UConn CSD celebrates 50th anniversary

As part of the final month of the celebration, the center is inviting writer and learning activist Jonathan Mooney to speak, according to the CSD official site. (Amar Batra/The Daily Campus)

The University of Connecticut’s Center for Students with Disabilities (CSD) will complete its 50th consecutive year of service next month, according to the CSD official website.

The center was formed in 1967 as a program for the physically handicapped within public health services by registered nurse Barbara Shea. Over time it evolved, growing from under 100 students to the current number of over 4000, according to the CSD official website.

The center has been granted multiple awards since its conception, including when UConn was named as one of the top 10 disability friendly universities by New Mobility Magazine, according to its website.

Donna Korbel, current director of the CSD, said the commendations demonstrate initiative when caring for students with disabilities.

“When I came here, I was just overwhelmed at the amount of support,” Korbel said. “There’s always been a great commitment here for people asking ‘How can I go about doing this?’ and ‘How can we make our program more accessible?’”

Korbel said the university as a whole and not just the CSD is responsible for making the campus a more accessible place for students.

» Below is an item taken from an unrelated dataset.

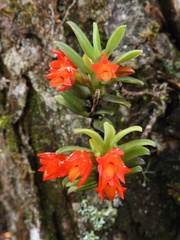 Fernandezia sanguinea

“We (CSD) do this work at the university for students, but it’s everybody in the university community who contributes to make it a really disability friendly place,” Korbel said.

The center wants to emphasize that students with disabilities take leadership roles in their own communities through programs like the Delta Alpha Pi honor society, Korbel said.

“It’s really important for us to encourage students to become leaders, to be mentors, to mentor other students and to really take on more responsibility for creating a more accessible environment here on campus,” Korbel said.

As part of the final month of the celebration, the center is inviting writer and learning activist Jonathan Mooney to speak, according to the CSD official site.

Looking toward the future, Korbel said she wants to do more to help students with disabilities transition and stay comfortably at UConn.

“The staff always jokes with me saying ‘No new initiatives!’ because it’s a lot. We’re doing a lot,” Korbel said. “But we’re always looking at what our students need and what we can do to help them.”